Even as a small child, I knew I wanted to write books, but I had no idea how it was done and (this was pre-pre-pre-Internet) had no access to anyone who might educate me. I held the stories inside me, my only outlet was telling stories about my fictional Canadian girlfriend. ?
My father was a big reader, he had a few paperbacks featuring Mack Bolan – the Executioner and a bunch of others by Elmore Leonard (and a decent Playboy and Hustler magazine collection too, but um… I never read those – really… I didn’t ?…)
The paperbacks (not to mention the Playboys and Hustlers that I never read) were WAY too adult for a sheltered 10-year-old to read, but man I loved them, even if I had no reference for half the stuff that went on in those stories.

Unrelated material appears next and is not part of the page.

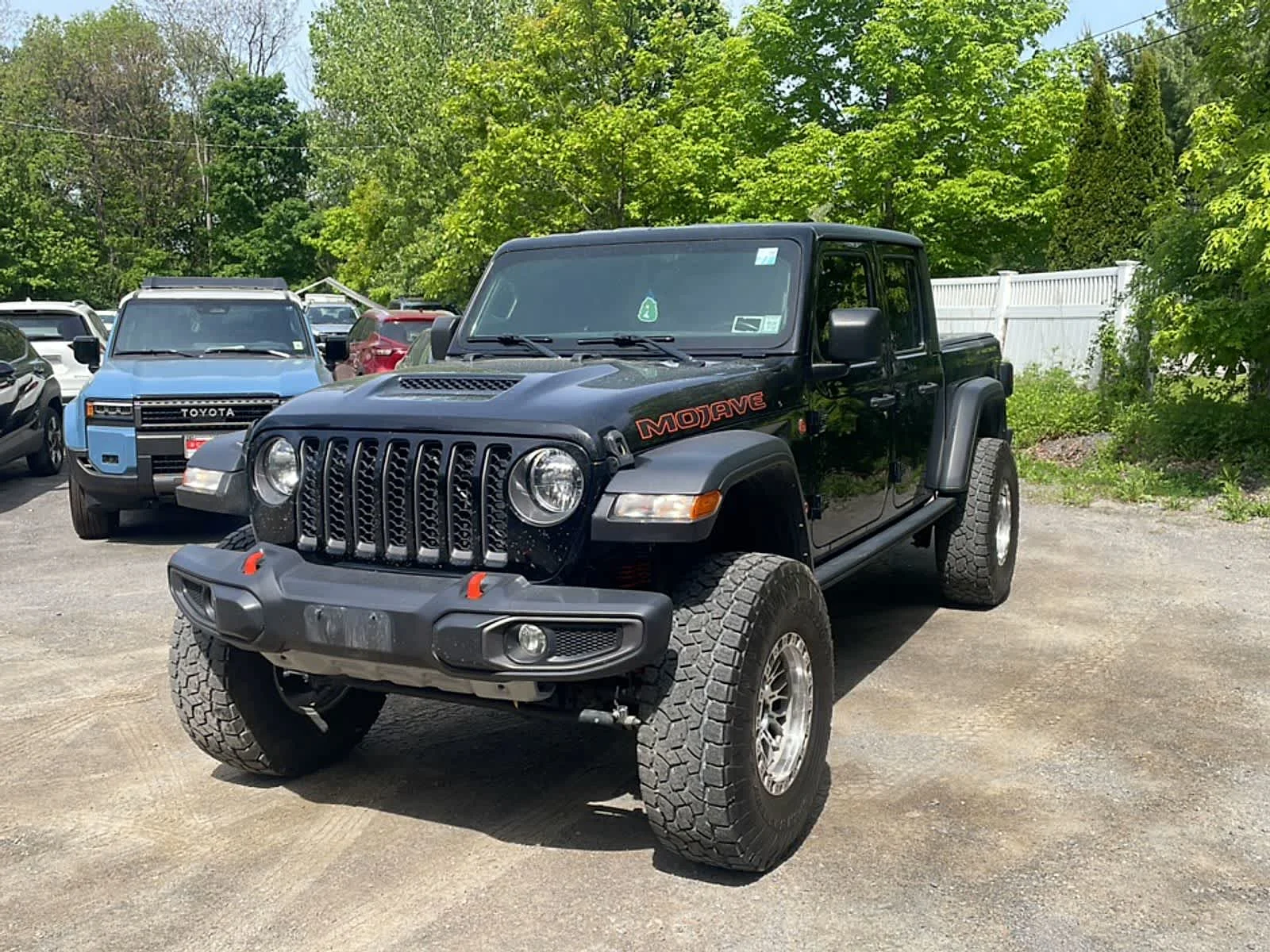 2021 Jeep Gladiator Mojave's photo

As I got older, I did my research and began to try to put my ideas down on paper but having little skill and next to no confidence, I stopped.
For years.
Those years were terrible. I would go to sleep EVERY NIGHT with story plots in my head and wake up with the same plots continuing on in my head as if the story didn’t care whether I was asleep or awake, thank you very much, since it had a life of its own and would do as it pleased, like it or not.
I used to scoff at authors who talked about how their characters seemed to come alive and dictate their own destinies. Now I don’t, since I know EXACTLY what they mean.
If you are a writer, if storytelling is in your DNA, then stories are there, whether you like it or not.
They want to be told.
But, if for some reason you don’t set them free, they will play in a loop just under your consciousness, like a movie playing in the background when you’re cooking or eating or talking on the phone.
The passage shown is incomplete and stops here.